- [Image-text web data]
***

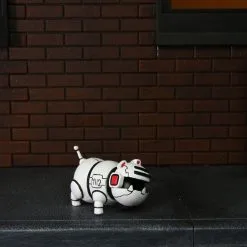 NECA Teenage Mutant Ninja Turtles - The Last Ronin (Unarmored) Ultimate Figur -Film Figuren Verkäufe last ronin3 scaled 1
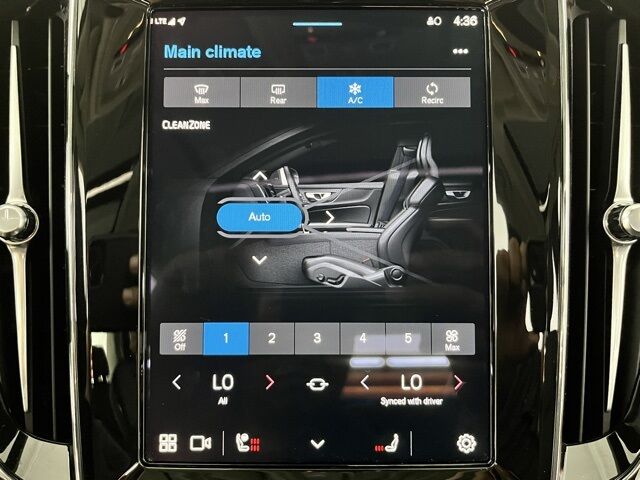 2025 Volvo S60 Carrollton TX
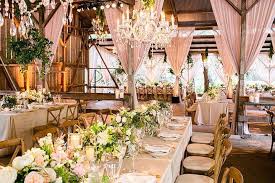 Rancho Dos Pueblos Goleta Rancho Dos Pueblos On The Santa Barbara Coastline Is Quickly Beco Rustic Outdoor Wedding Wedding Decor Inspiration Outdoor Wedding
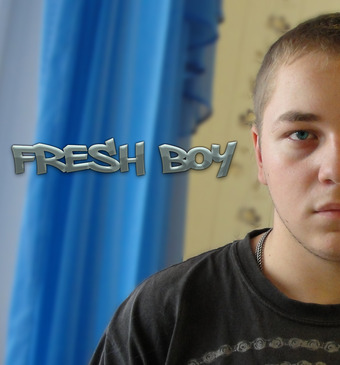 FRESH-BOY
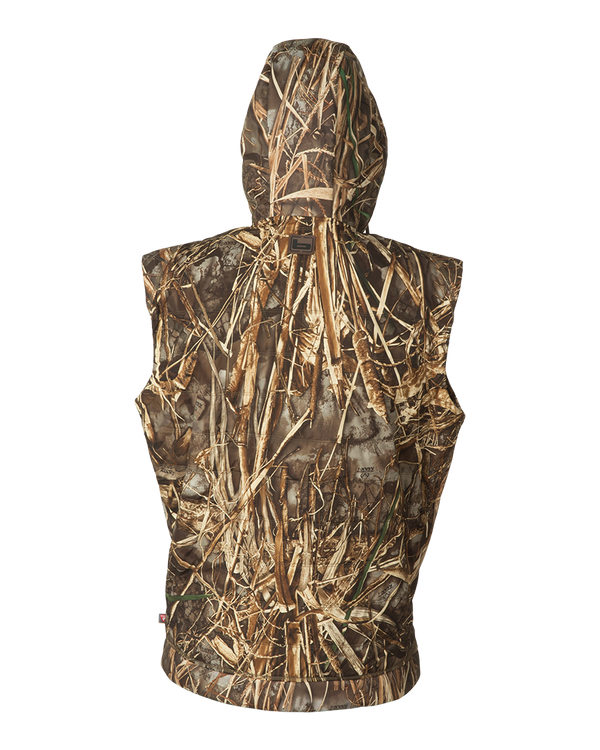 Banded ASPIRE Collection Intensify HybridLyte Hooded Vest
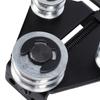 Adjustable Brake Line Bender 3 Roller Brake Line Straightening Tool  Maintenance Technician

***

- [What you need to do]
Produce an exact copy of the lines from the line with "Banded ASPIRE Collection" through the last line of the data above, both ends included. No pictures belong in it.

- [Answer section]
 Banded ASPIRE Collection Intensify HybridLyte Hooded Vest
 Adjustable Brake Line Bender 3 Roller Brake Line Straightening Tool  Maintenance Technician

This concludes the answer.